In the immediate aftermath which follows my learning that another close friend has died, factions of my troubled psyche war and evocate in turn numbness; a kind of detached examination, guilt, anger, and weariness.

Classically, one is expected to react first with denial. It passes, but what follows the outright conscious refusal of the loss is a dumb, superficial acceptance, veiling a more subtle and enduring denial. This denial is not explicit or conscious, but is that of an impoverished mind: one which has not yet run the gamut of this seemingly endless set of realisations of all the implications of the truth.

I will never see this person again. We will never listen to or play music together again. They won’t get to wear my jumper. I have no one to share this joke with anymore. They would have loved this. They never got to achieve their dreams. It was so fucking unnecessary.

These continuous realisations, which run deeper and have scope greater than one can immediatey conceive of, will strike indefinitely and each time, each time the brain has to relearn and reroute on account of this truth, the grief grows greater.
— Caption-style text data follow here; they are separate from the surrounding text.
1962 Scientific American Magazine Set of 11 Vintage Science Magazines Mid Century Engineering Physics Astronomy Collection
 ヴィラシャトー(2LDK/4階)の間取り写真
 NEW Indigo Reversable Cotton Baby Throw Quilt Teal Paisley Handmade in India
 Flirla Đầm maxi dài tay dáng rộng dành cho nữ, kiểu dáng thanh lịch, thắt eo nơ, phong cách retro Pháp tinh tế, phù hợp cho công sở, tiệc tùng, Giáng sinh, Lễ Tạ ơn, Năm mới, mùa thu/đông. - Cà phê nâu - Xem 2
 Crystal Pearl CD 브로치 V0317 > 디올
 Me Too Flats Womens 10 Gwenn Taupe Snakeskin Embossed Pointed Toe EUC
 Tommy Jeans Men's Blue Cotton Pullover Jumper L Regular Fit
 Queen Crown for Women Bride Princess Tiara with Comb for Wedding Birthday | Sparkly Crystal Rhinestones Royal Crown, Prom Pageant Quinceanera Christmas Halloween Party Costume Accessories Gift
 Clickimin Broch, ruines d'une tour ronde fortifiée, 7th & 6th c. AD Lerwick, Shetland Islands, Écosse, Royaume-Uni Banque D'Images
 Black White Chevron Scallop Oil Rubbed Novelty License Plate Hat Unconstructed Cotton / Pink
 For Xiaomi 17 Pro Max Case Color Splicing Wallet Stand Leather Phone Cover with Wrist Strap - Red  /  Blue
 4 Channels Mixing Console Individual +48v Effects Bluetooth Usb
At first we accept an assertion, and then in living through grief we come to understand how deeply our experiences were intertwined, and how deeply we are affected. And every time a reminder that it was so fucking unnecessary.

And I find myself writing this in what seems almost to be an attempt to retreat into abstraction, an attempt to construct through reason and manipulation of symbols some cathartic artefact which could if not soothe my seething mind then at least express something of it. Useless.